The Constitution on which our Union rests, shall be administered by me [as President] according to the safe and honest meaning contemplated by the plain understanding of the people of the United States at the time of its adoption — a meaning to be found in the explanations of those who advocated, not those who opposed it, and who opposed it merely lest the construction should be applied which they denounced as possible.
 — (1801)
 
Born in other countries, yet believing you could be happy in this, our laws acknowledge, as they should do, your right to join us in society, conforming, as I doubt not you will do, to our established rules.
 — (1801)
 
To restore ... harmony ... to render us again one people acting as one nation should be the object of every man really a patriot.
 — (1801)
 
It has been a source of great pain to me to have met with so many among [my] opponents who had not the liberality to distinguish between political and social opposition; who transferred at once to the person, the hatred they bore to his political opinions.
 — (1808)
 
I suppose, indeed, that in public life, a man whose political principles have any decided character and who has energy enough to give them effect must always expect to encounter political hostility from those of adverse principles.
 — (1808)
 
In times of peace the people look most to their representatives; but in war, to the executive solely.
 — (1810)
 
If we move in mass, be it ever so circuitously, we shall attain our object; but if we break into squads, everyone pursuing the path he thinks most direct, we become an easy conquest to those who can now barely hold us in check.
 — (1811)
 
Taxes should be continued by annual or biennial reenactments, because a constant hold, by the nation, of the strings of the public purse is a salutary restraint from which an honest government ought not wish, nor a corrupt one to be permitted, to be free.
 — (1813)
 
I had always hoped that the younger generation receiving their early impressions after the flame of liberty had been kindled in every breast ... would have sympathized with oppression wherever found, and proved their love of liberty beyond their own share of it.
 — (1814)
 
We must not let our rulers load us with perpetual debt.
 — (1816)
 
The principle of spending money to be paid by posterity, under the name of funding, is but swindling futurity on a large scale.
 — (1816)
 
Men of energy of character must have enemies; because there are two sides to every question, and taking one with decision, and acting on it with effect, those who take the other will of course be hostile in proportion as they feel that effect.
 — (1817)
 
I know no safe depository of the ultimate powers of the society but the people themselves; and if we think them not enlightened enough to exercise their control with a wholesome discretion, the remedy is not to take it from them, but to inform their discretion by education.
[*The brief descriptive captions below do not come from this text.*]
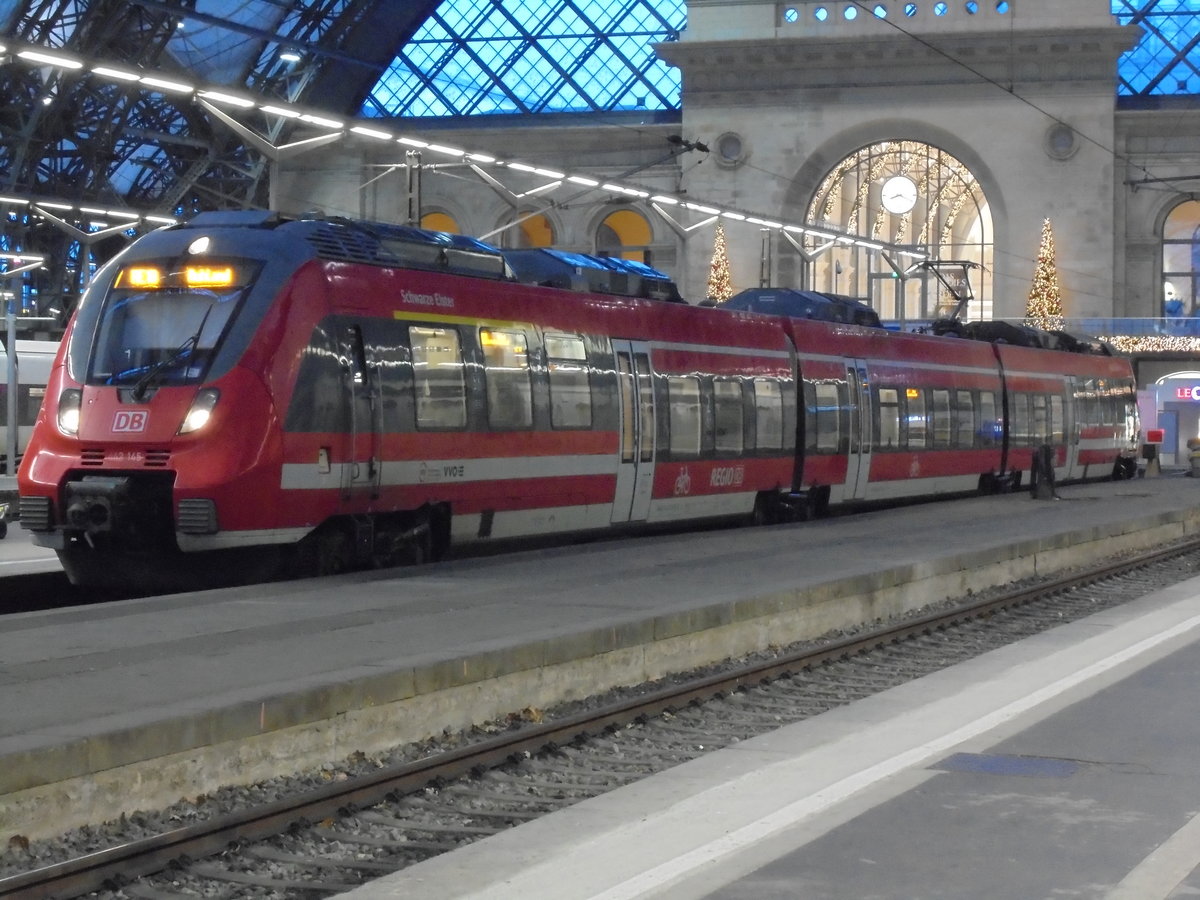 Ein kleiner Hamster 442 145 als RE 18 Dresden Hbf - Ruhland. Aufgenommen von Gleis 6 am Hauptbahnhof Dresden.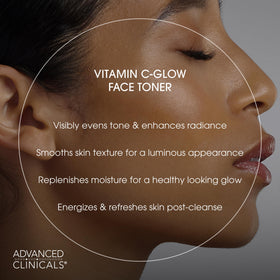 Advanced Clinicals label close-up listing vitamin C, ferulic acid, peptides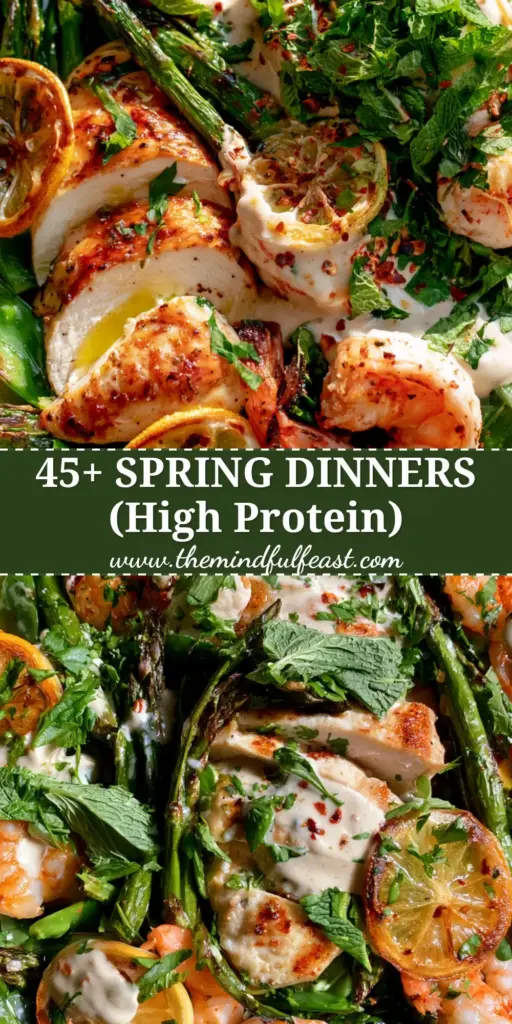 High Protein Spring Dinners: The Ultimate Lemon-Tahini Chicken and Shrimp Harvest 3 A top-down sheet pan meal featuring golden seared chicken, pink shrimp, charred asparagus, and blistered snap peas with lemon tahini drizzle. (high protein spring dinners)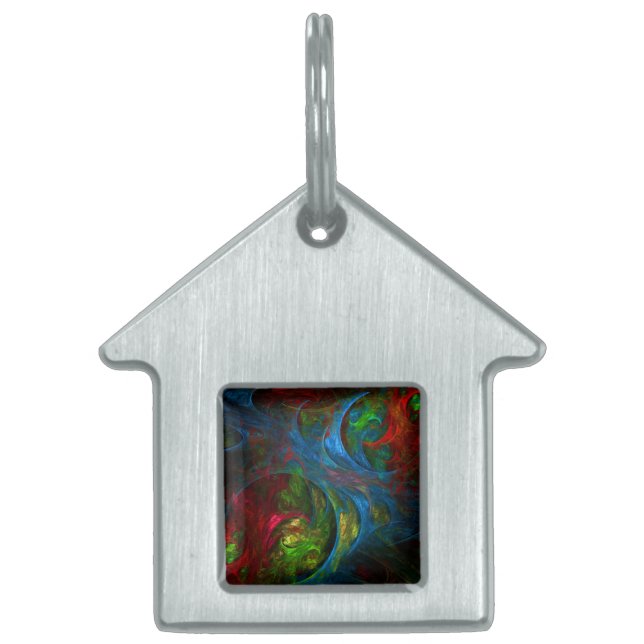 Genesis Blue Abstract Art House Pet ID Tag (Front)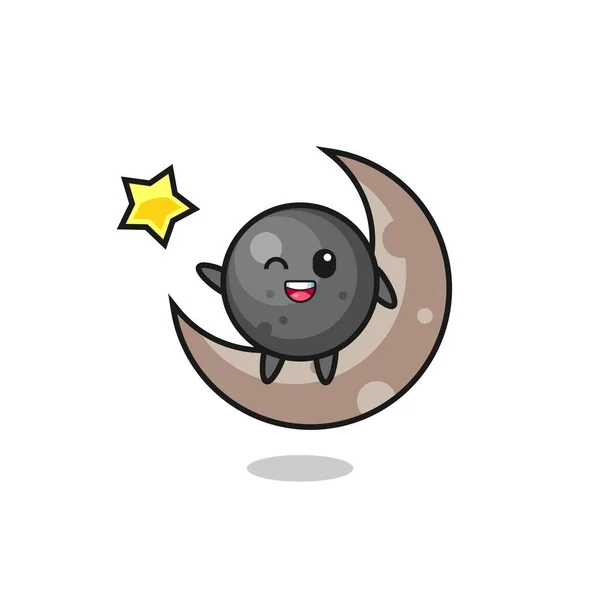 Illust Dibujo Animado Bola Del Cañón Que Sienta Media Luna — Archivo Imágenes Vectoriales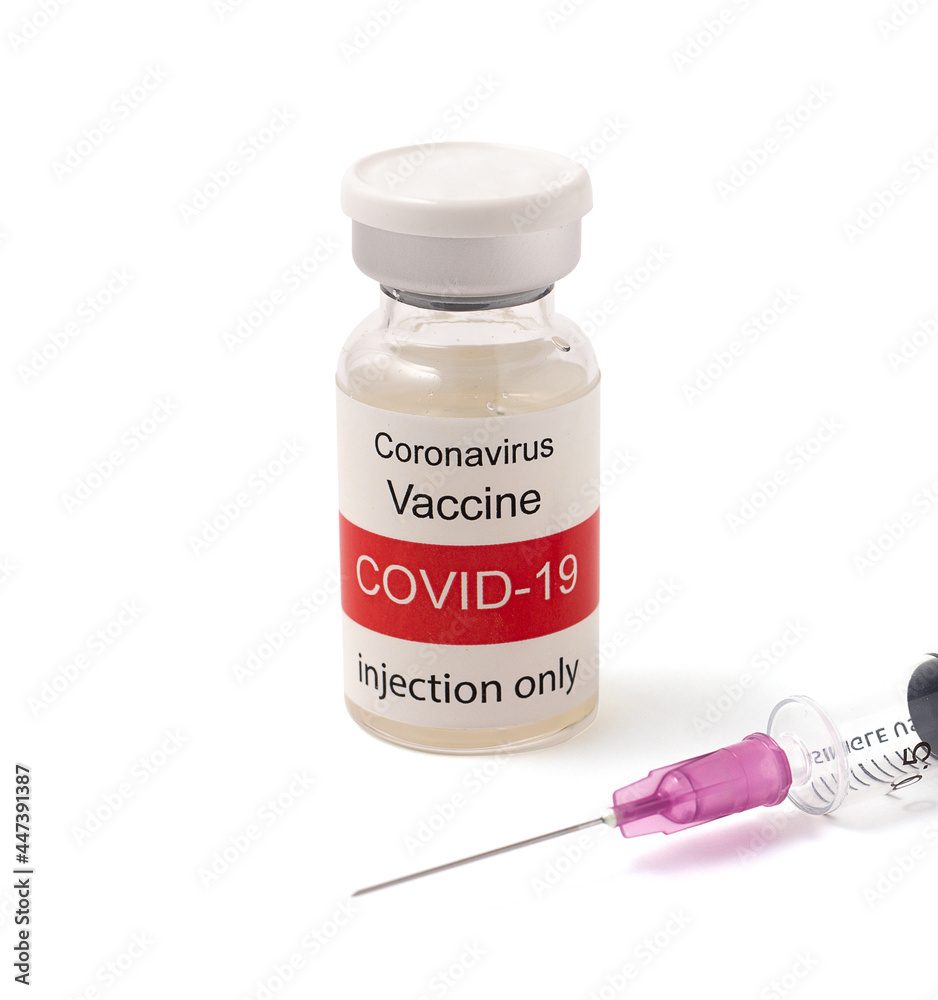 Glass bottle of Covid-19 vaccine and syringe isolated on a white background, red and white label, Healthcare and Medical concept. Injection device for preventing the spread of COVID-19 (Corona Virus). Glass bottle of Covid-19 vaccine and syringe isolated on a white background, red and white label, Healthcare and Medical concept. Injection device for preventing the spread of COVID-19 (Corona Virus).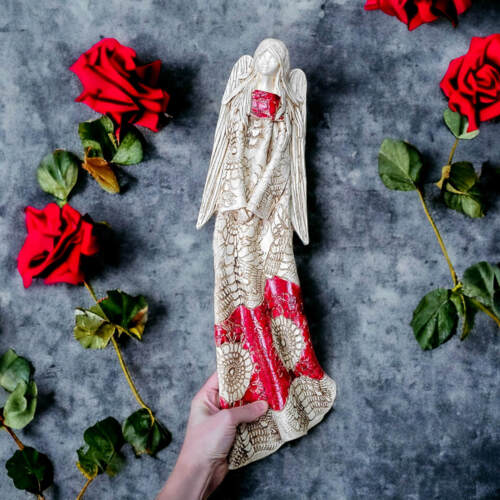 Anioł Genesis - wiszący czerwony -  55 x 20 cm figurka dekoracyjna gipsowa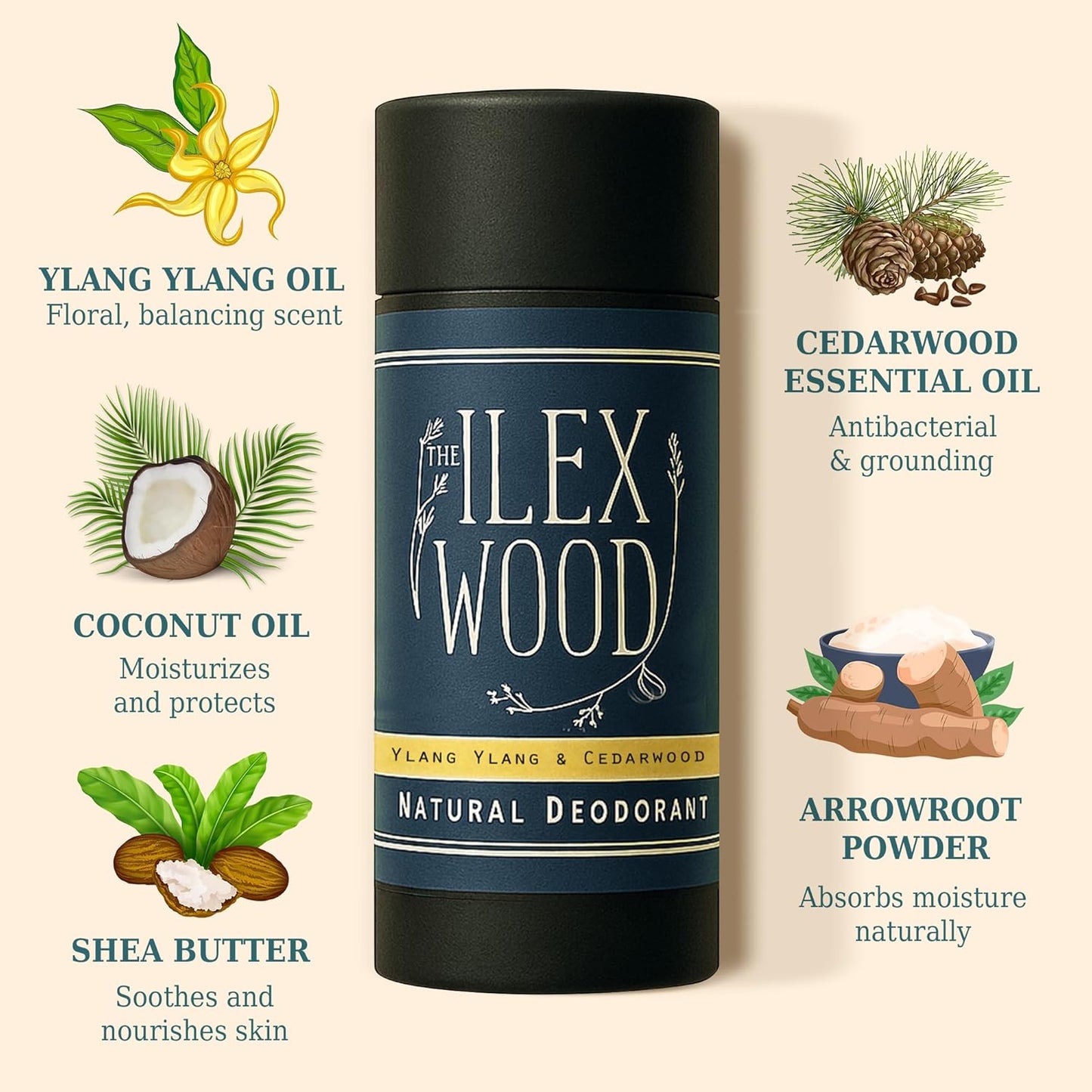 The Ilex Wood - Ylang Ylang & Cedarwood Natural Deodorant - 2.4 fl oz. Natural Deo in Recyclable Cardboard Tube, Vegan, no Plastic, no Alcohol, no Toxins, no Aluminium Salt & Cruelty Free for Women & Men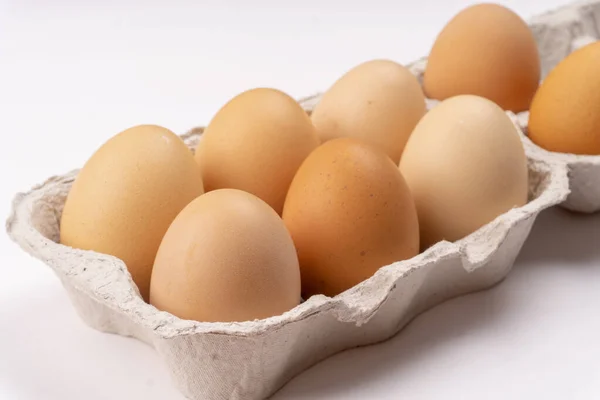 Brown chicken eggs in cardboard egg tray. Organic egg for healthy protein breakfast. Easter symbol. Raw chicken eggs.
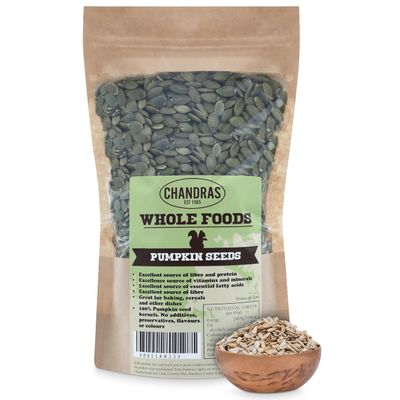 Chandra Whole Foods - Raw Pumpkin Seeds 1KG - Low-Carb High Fibre Pumpkin Seeds to Eat, for Breads, Soups, Cereals & Snacks - Gluten-Free, Keto, Shell-Free, Rich in Protein, Vitamins & Antioxidants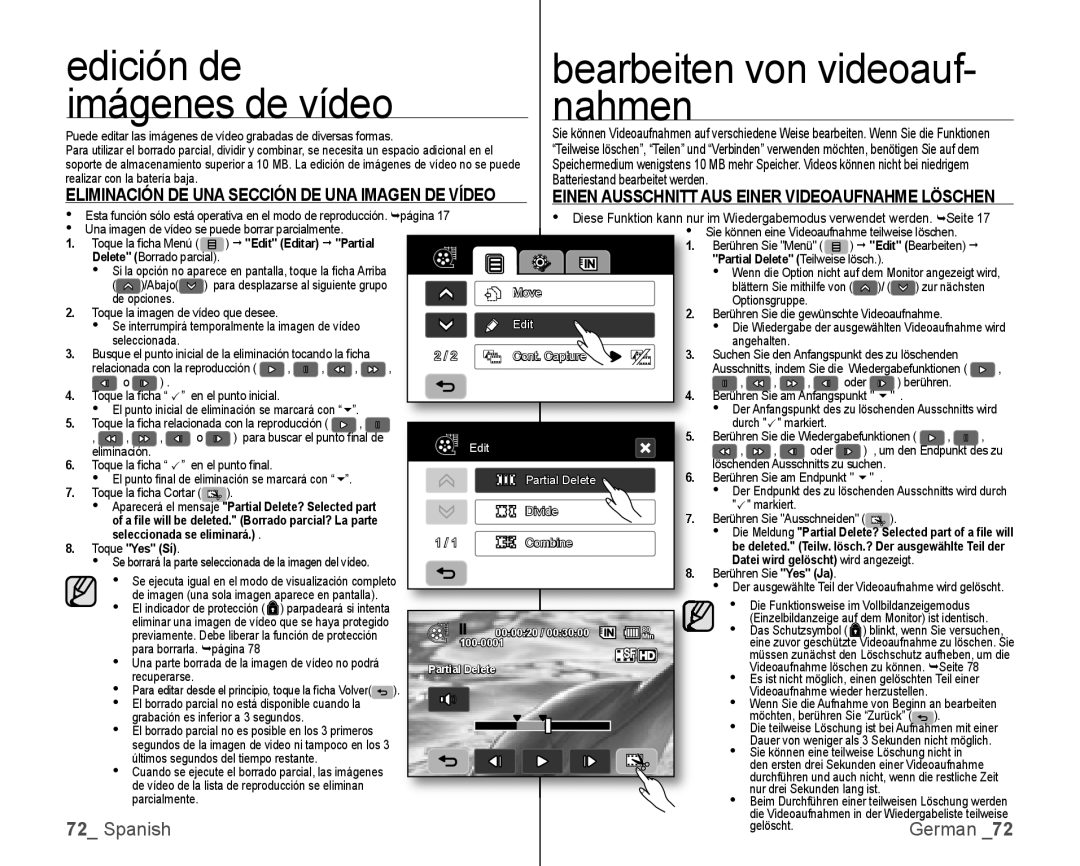 Samsung VP-HMX10C/XEF Edición de, Imágenes de vídeo, Seite, Partial Delete Teilweise lösch, Seleccionada se eliminará 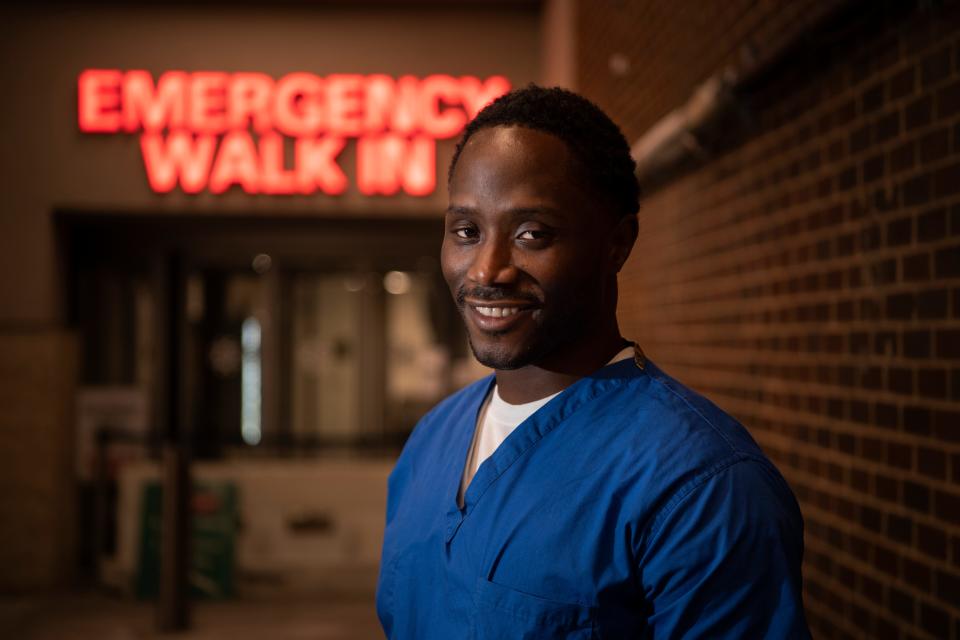 Richie Clerge outside of Hackensack University Medical Center on Friday, February 26, 2021. Clerge is a clerical associate at the E.R. and has been making life better for trauma patients in his department by leaving notes for some of the people he encounters.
This is the true corrective of abuses of constitutional power.
 — (1820)
 
If the present Congress errs in too much talking, how can it be otherwise in a body to which the people send 150 lawyers, whose trade it is to question everything, yield nothing, and talk by the hour? That 150 lawyers should do business together ought not to be expected.
 — (1821)
 
I will not believe our labors are lost. I shall not die without a hope that light and liberty are on a steady advance.
 — (1821)
 
Man, once surrendering his reason, has no remaining guard against absurdities the most monstrous, and like a ship without rudder, is the sport of every wind. With such persons, gullibility, which they call faith, takes the helm from the hand of reason and the mind becomes a wreck.
 — (1822)
 
Laws are made for men of ordinary understanding and should, therefore, be construed by the ordinary rules of common sense. Their meaning is not to be sought for in metaphysical subtleties which may make anything mean everything or nothing at pleasure.
 — (1823)
 
God who gave us life gave us liberty.  Can the liberties of a nation be secure when we have removed a conviction that these liberties are the gift of God?  Indeed I tremble for my country when I reflect that God is just, that His justice cannot sleep forever.